╔══

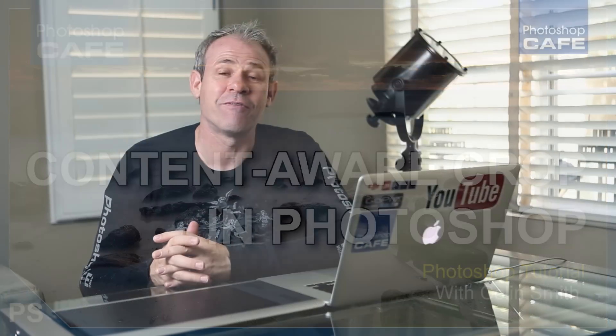Hey guys, Colin Smith here from Photoshop Cafe. You might have seen some of the sneaks, and today I'm going to show you Content-Aware Crop inside of Photoshop.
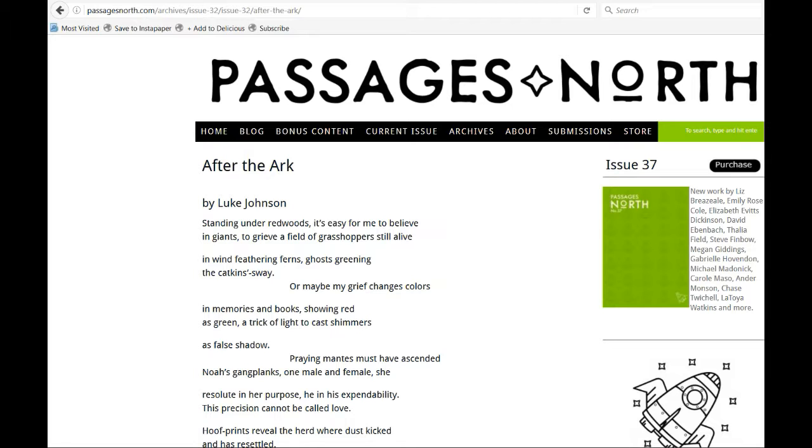Praying manatees must have ascended Noah's gangplanks, one male and one female, she resolute in her purpose, he in his expendability. This precision cannot be called love.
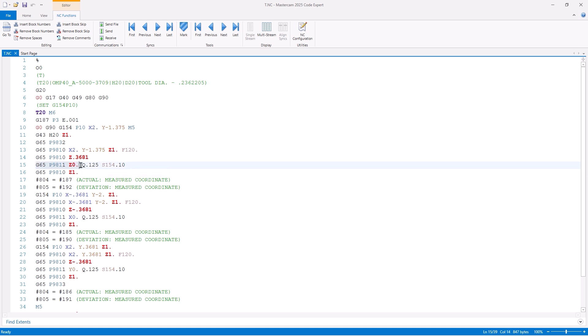Next will be our Q value, which defines the over-travel distance, along with the S number, which defines the work offset number that we are updating on the machine.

╚══

• Assignment: A faithful copy of all the data above, without its pictures, is the expected result.

• Answer below:
Hey guys, Colin Smith here from Photoshop Cafe. You might have seen some of the sneaks, and today I'm going to show you Content-Aware Crop inside of Photoshop.
Praying manatees must have ascended Noah's gangplanks, one male and one female, she resolute in her purpose, he in his expendability. This precision cannot be called love.
Next will be our Q value, which defines the over-travel distance, along with the S number, which defines the work offset number that we are updating on the machine.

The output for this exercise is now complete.